Low melting point MCP-69, MCP-96, MCP-137, and MCP-200 alloys for radiation protection in radiological and therapeutic processes

Abstract

ObjectiveTo evaluate the low melting-point MCP-69, MCP-96, MCP-137, and MCP-200 alloys, and characterize them for their potential to protect from the harms associated with radiation and eliminate radiation hazards during radiological procedures and treatment of cancer. MethodsThe Klein-Nishina formula was used to calculate the electronic and atomic cross-sections of these alloys using photon beams with energies 4, 6, 9, 12, and 18 ​MeV. Energy transfer coefficients, Compton mass attenuation coefficient, mass-energy transfer coefficient, and recoil energy of electrons in the specific photon energies of 4–18 ​MeV were calculated. The alloys' effective charge number and the photon energy were key factors in determining the properties found by utilizing the Klein-Nishina formula and Compton effects. ResultsThe cross sections and energy transfer coefficients increased with the increasing effective charge number Z of the alloys and decreased as the photon energy increased.
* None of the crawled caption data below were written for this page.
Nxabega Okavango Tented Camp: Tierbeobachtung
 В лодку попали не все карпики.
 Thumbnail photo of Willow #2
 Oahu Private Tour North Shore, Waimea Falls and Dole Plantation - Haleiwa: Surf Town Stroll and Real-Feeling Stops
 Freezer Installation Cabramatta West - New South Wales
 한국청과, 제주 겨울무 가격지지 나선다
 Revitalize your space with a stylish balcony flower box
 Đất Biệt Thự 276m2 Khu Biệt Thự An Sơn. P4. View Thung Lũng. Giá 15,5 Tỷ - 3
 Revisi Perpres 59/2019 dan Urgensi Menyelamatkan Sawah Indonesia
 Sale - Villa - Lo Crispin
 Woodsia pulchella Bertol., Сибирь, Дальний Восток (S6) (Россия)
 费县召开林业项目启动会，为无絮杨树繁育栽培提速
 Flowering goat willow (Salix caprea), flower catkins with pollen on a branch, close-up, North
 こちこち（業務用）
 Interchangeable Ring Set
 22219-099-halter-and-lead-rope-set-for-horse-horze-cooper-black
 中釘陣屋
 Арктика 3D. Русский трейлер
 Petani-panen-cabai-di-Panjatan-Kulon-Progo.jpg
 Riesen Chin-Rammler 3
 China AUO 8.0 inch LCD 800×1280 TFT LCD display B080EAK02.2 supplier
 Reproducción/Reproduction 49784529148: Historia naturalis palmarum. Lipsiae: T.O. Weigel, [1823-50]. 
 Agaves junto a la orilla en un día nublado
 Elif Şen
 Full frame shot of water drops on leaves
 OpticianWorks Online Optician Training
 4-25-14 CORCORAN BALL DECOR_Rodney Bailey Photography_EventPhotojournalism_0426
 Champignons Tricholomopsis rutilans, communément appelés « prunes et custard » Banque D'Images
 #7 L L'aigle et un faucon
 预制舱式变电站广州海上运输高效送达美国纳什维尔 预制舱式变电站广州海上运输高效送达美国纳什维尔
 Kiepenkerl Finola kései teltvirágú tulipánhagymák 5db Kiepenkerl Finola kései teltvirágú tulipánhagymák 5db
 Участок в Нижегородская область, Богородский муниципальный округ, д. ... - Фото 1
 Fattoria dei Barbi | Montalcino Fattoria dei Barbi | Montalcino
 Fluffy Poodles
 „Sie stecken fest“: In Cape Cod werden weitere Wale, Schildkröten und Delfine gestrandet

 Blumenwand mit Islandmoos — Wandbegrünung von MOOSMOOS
The Compton recoil of the ejected electrons was observed to have a direct relationship with photon energy, but mass-energy transfer decreased with increasing photon energy. These alloys can replace the toxic lead for environmentally cleaned radiation applications. ConclusionsThese calculations and characteristics of the MCP alloys can help further determine their viability as materials for radiation shielding, their use in safe cancer diagnosis, treatment, and environmental hazards protection.